Image-text web data
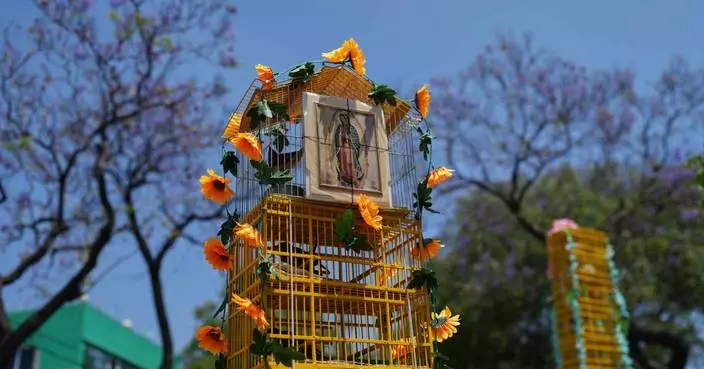 Photos of Mexico's bird vendors making their annual pilgrimage to the Basilica of Guadalupe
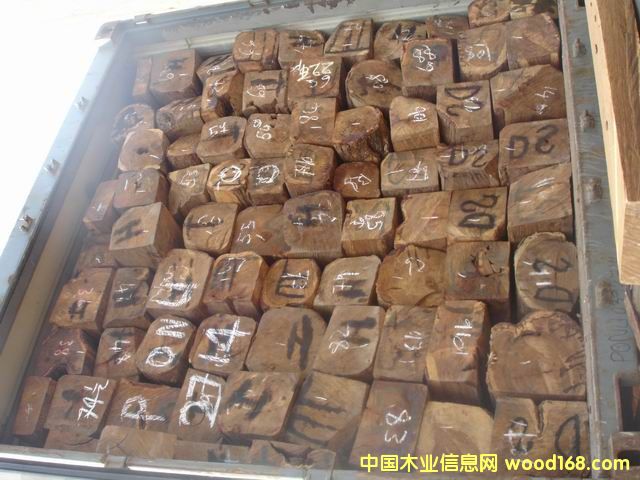 �׃�(n��i)��������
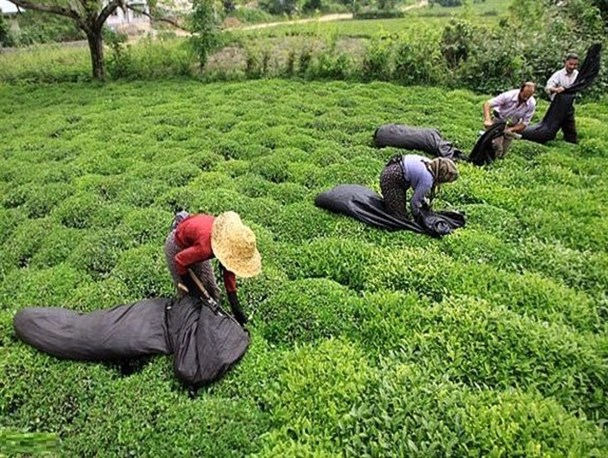 رنگ و اسانس سهم تولید کنندگان بهترین چای جهان/ نابودی چای ایرانی با واردات میلیاردی!+ جدول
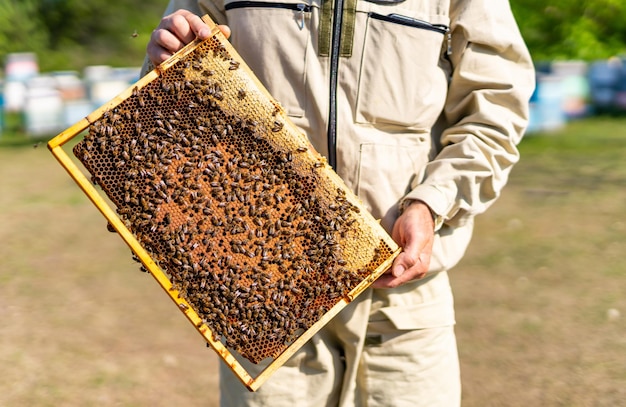 Attrezzatura per apiario di miele biologico Cornice di alveare in legno che tiene in mano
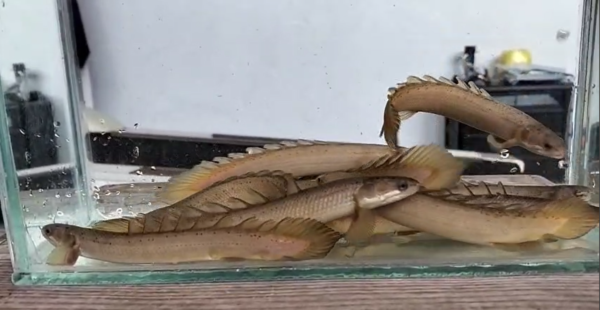 Golden Senegalus Bichirs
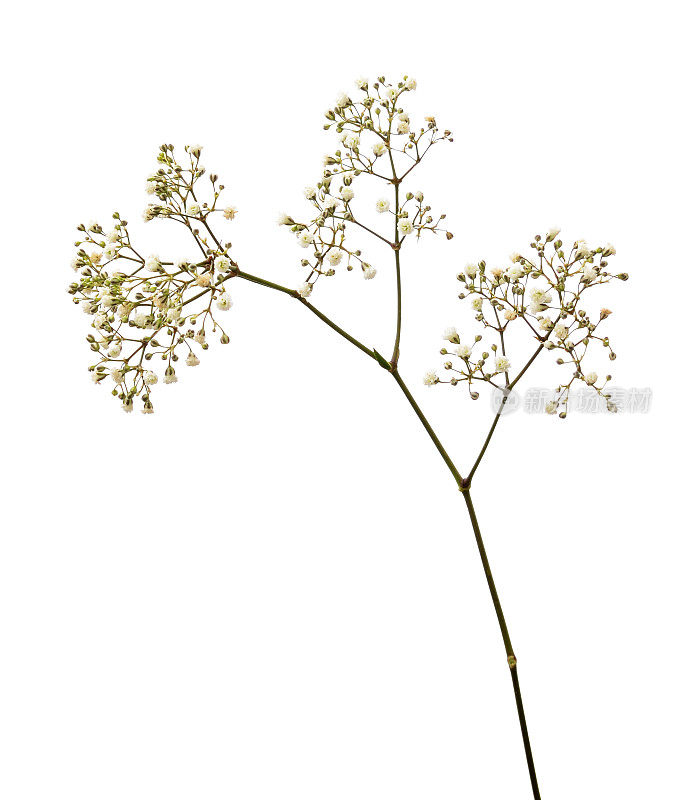 小小的白色的gypsophila花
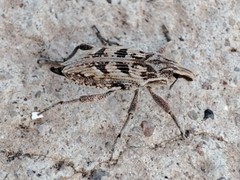 Coniocleonus excoriatus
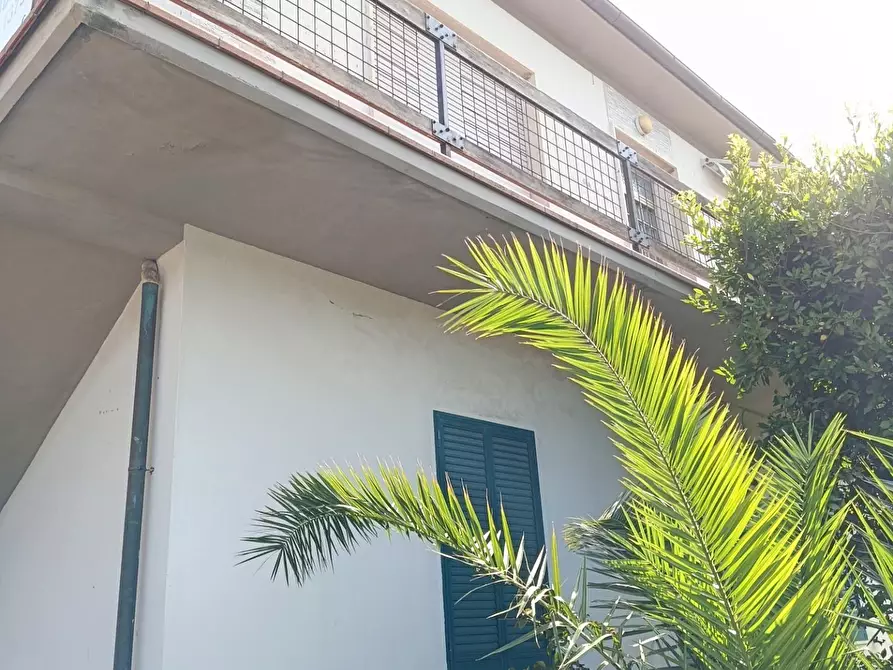 Immagine 4 di Casa trifamiliare in vendita  a Rosignano Marittimo
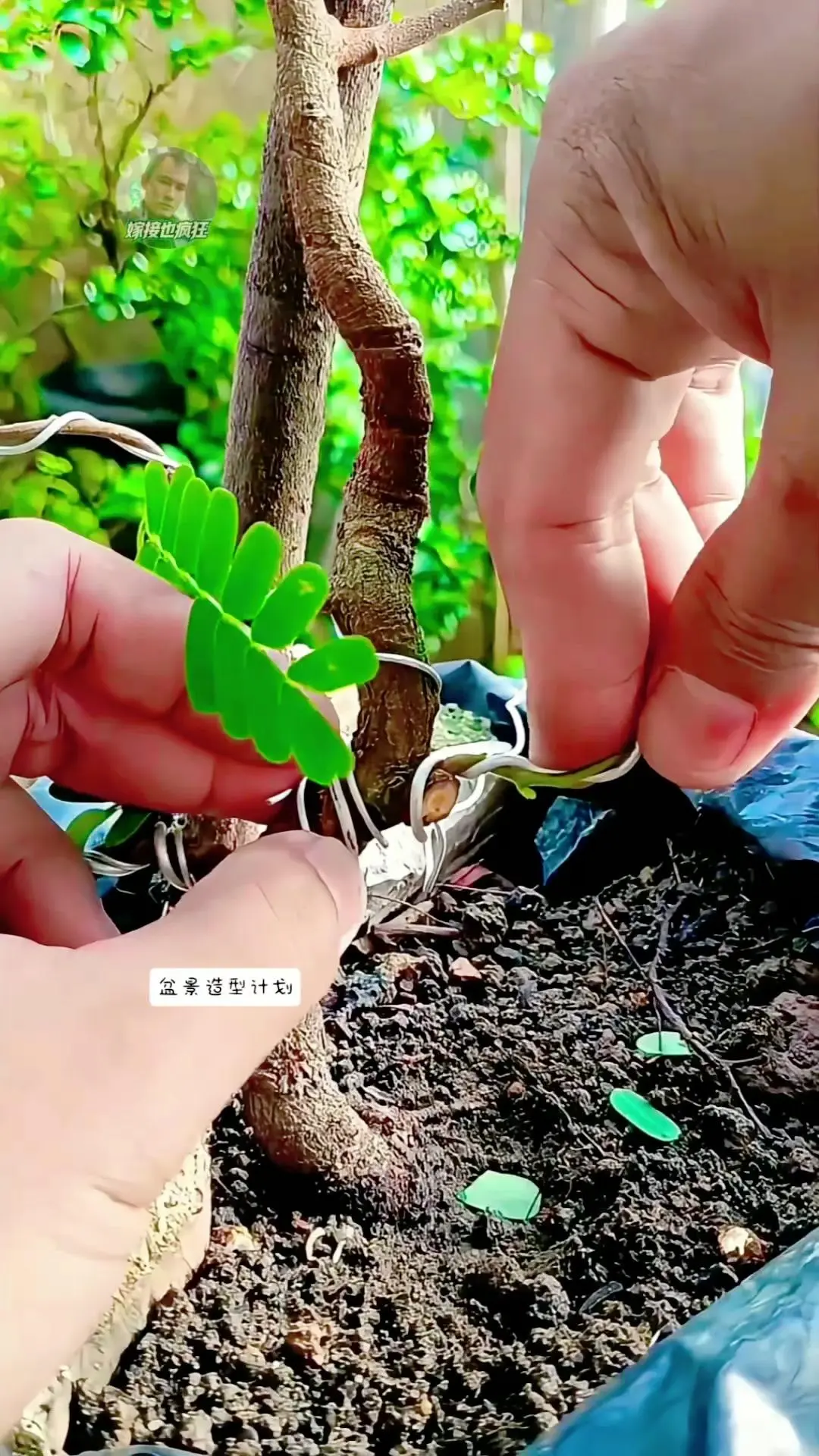 普通罗望子树变身精致盆景。🌿普通罗望子树，养两年竟成了家里的“颜值担...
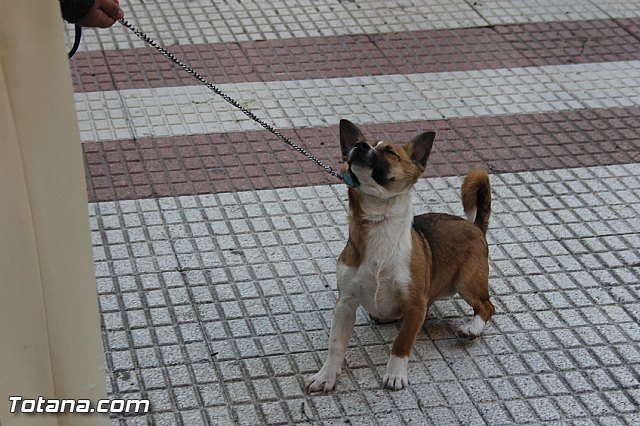 San Antn Totana 2016 - 238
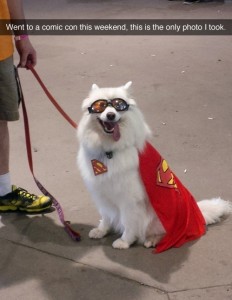 Superdog.jpg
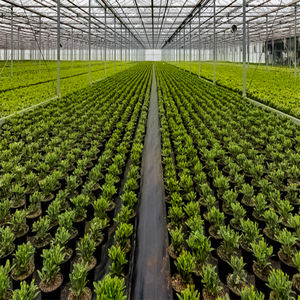 Custom-Designed Curved PC Board <b>Greenhouse</b> with Solar Power, Anti-Condensation Film & Noise Insulation for Herb Cultivation - Product Image 5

* **WORK INSTRUCTIONS**:
The lines from the one containing "Attrezzatura per apiario" to the last line of the records, both included: print exactly those and nothing else, leaving out any pictures.

* **TASK OUTPUT**:
 Attrezzatura per apiario di miele biologico Cornice di alveare in legno che tiene in mano
 Golden Senegalus Bichirs
 小小的白色的gypsophila花
 Coniocleonus excoriatus
 Immagine 4 di Casa trifamiliare in vendita  a Rosignano Marittimo
 普通罗望子树变身精致盆景。🌿普通罗望子树，养两年竟成了家里的“颜值担...
 San Antn Totana 2016 - 238
 Superdog.jpg
 Custom-Designed Curved PC Board <b>Greenhouse</b> with Solar Power, Anti-Condensation Film & Noise Insulation for Herb Cultivation - Product Image 5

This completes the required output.